According to a survey published last year by the EU Chamber of Commerce in China, European firms have been hesitant to participate in BRI projects mainly due to a lack of information and transparency. The Chamber requested that China create an open procurement system as well as perform feasibility and impact studies for BRI projects. The World Bank and other bodies have also called for increased transparency.
Notably, many of the areas targeted by China suffer from underinvestment due to domestic economic struggles, and they often register low on the United Nations Human Development Index (HDI). Myanmar and Pakistan—two countries heavily targeted by the BRI—rank 148th and 150th globally in terms of HDI.
Regardless of their respective strengths and weaknesses, if BRI and B3W programmes complement each other, the world that emerges after the pandemic can be a better one. Economic trade theory suggests that new and improved infrastructure may lead to more trade and increased welfare. However, oftentimes these roads and bridges are underutilised and there “is increasing evidence of malinvestment in previous Chinese infrastructure investments, rising corporate debt and corruption.” There is no guarantee that B3W will do any better. The borrowing countries might find themselves struggling with financial and economic crises.

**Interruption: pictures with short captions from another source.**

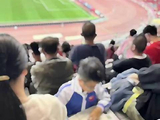 国足比赛现场有人埋头写作业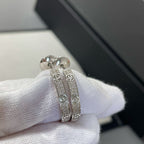 ??MIRA?¡¥LOVE DIAMOND SILVER HOOP EARRINGS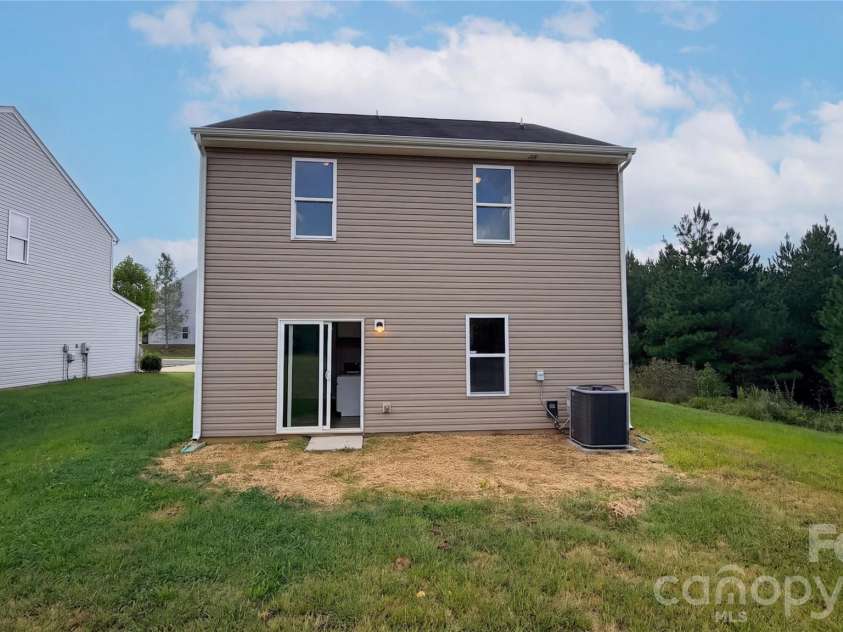6130 Loy Court, Charlotte, NC 28214.  MLS# CAR4430387, YatesRealty ID 54094. 
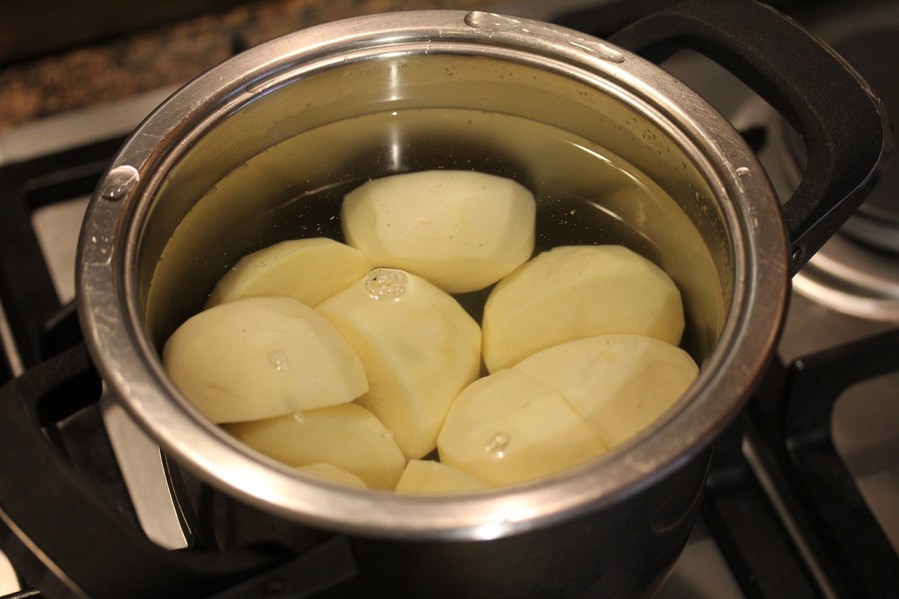 bluebudgie-potatoes-6547235_1280_599x900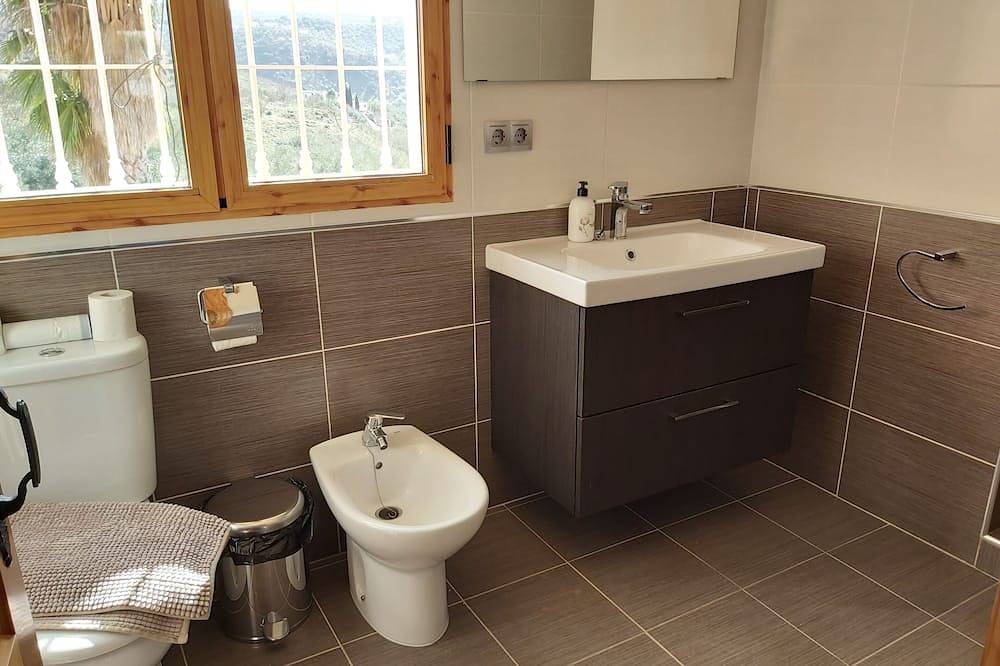 Ganze Wohnung, Luxury Roof Terrace Apartment With Amazing Views, a chlorine free Pool/hot tub in Fuente del Conde, Iznájar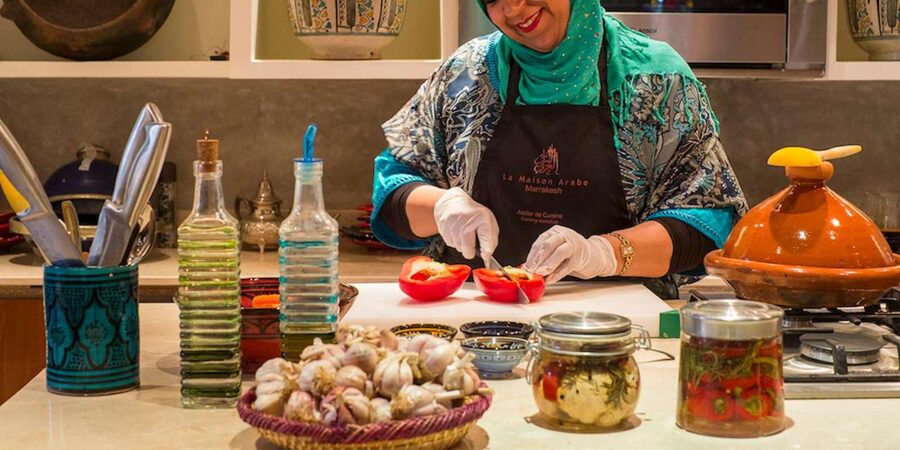 Marrakech: Moroccan Cooking Workshop at La Maison Arabe - Tea Ceremony and Flatbread Making: The Moroccan Rhythm Before the Main Dish
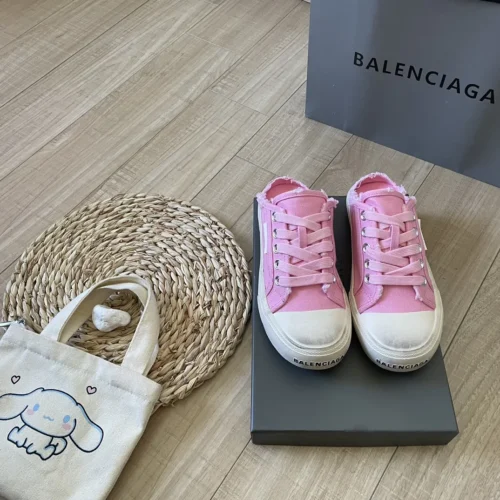 Balenciaga Canvas Canvas Sneakers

Trade brings about winners and losers within a country and unless there is adequate redistribution of the gains within an economy, it can lead to increased inequality, poverty and structural unemployment. BRI critics also point out that, “there are negative consequences to the environment that trade expansion may bring about unless effective legal, political and economic institutions are in place addressing the issue.” As can be expected, champions of B3W are promoting it as a “green BRI”!
There are some differences between the two programmes. BRI’s focus is on strategic infrastructure such as ports, and most expenditure to date has been on transport and power. The B3W, meanwhile, will focus on climate, health, digital technology, and gender equity and equality. The USA has tended to provide funds for large projects in large countries, as compared to China, which has funded smaller projects in developing countries. B3W might also provide a boost for democracy and force China to pay greater attention to raising its standards on human rights.
The success of B3W will depend on how the programme is structured. The initiative will need to work with “multiple governments and mobilise multiple sources of private capital, a slower and messier approach than BRI’s bilaterally negotiated, largely state-funded projects.”
Details of how the G7 plan will be financed remains unclear. German Chancellor Angela Merkel said the group was not yet at a stage to release financing for its initiative.
A final word. Biden and his allies might need to corral all their resources and put their money where their mouth is, to boost B3W. The US and its democratic partners in G7 got a hard knock after the debacle in Afghanistan. Under the headline “Withdrawal Shuffles Global Power Order”, the Wall Street Journal wrote on September 1 that “Beijing couldn’t contain its glee at what it described as the humiliation of its main global rival.” Russian Foreign Minister Sergei Lavrov said last week that Russia was “not gloating” about the US defeat in Afghanistan, but it’s obvious they are not sad. Now the USA and its allies can do what trillions of dollars squandered on armaments could not achieve—use B3W to tilt or realign the global balance of power back in their favour.
Dr Abdullah Shibli is an economist and IT consultant. He is also Senior Research Fellow at International Sustainable Development Institute (ISDI), a think tank based in Boston.